Analysis of optimization procedure for two equivalent optimization problems

Question

I come up with this question. Assume the optimization problem is: $$argmin_w\|\hat{y}(w)-y\|^2$$ Now suppose there is a overcomplete set for the representation of $\hat{y}$ and $y$, this set has lots of filters, to me above problem is equivalent to the following one: $$argmin_w\sum_{n}\|F_n*(\hat{y}(w)-y)\|^2$$ in which $F_n$ is the filter from the filterbank. and $*$ shows convolution. Now the question is that: if we know that the optimum value for this two problems is the same, but we use iterative algorithms for solving them, like Newton's method or Gradient Descent, What are the differences in optimization procedures for these problems?

Answer 1

The filtered objective function will differ from the original objective function. Some things to look out for in objective functions are the following:

Is it differentiable (smooth)? Differentiability is required for almost all deterministic procedures.
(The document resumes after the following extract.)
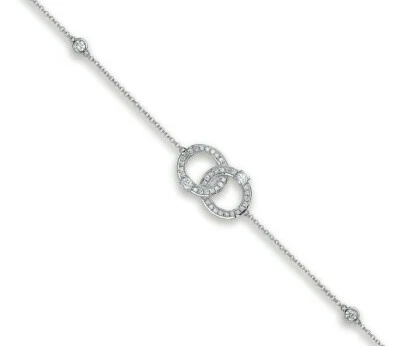 9CT HALLMARKED WHITE GOLD 0.17 CTS G/H SI NATURAL DIAMOND CIRCLES BRACELET - Image 1 of 4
Statistical optimisation can tackle non differentiable objective functions

Is it convex? Strictly convex? (Various different types of convexity). Convexity usually guarantees that the routine converges to the global optimum, not a local one.

Can we prove from the form of the objective function that the optimum will lie in a certain region? For example you could prove the monotonicity of the objective function on a certain domain.

Another massive thing that comes to mind is you'll have to compute a sum for every iteration on the filtered objective function, that will make the program take ages!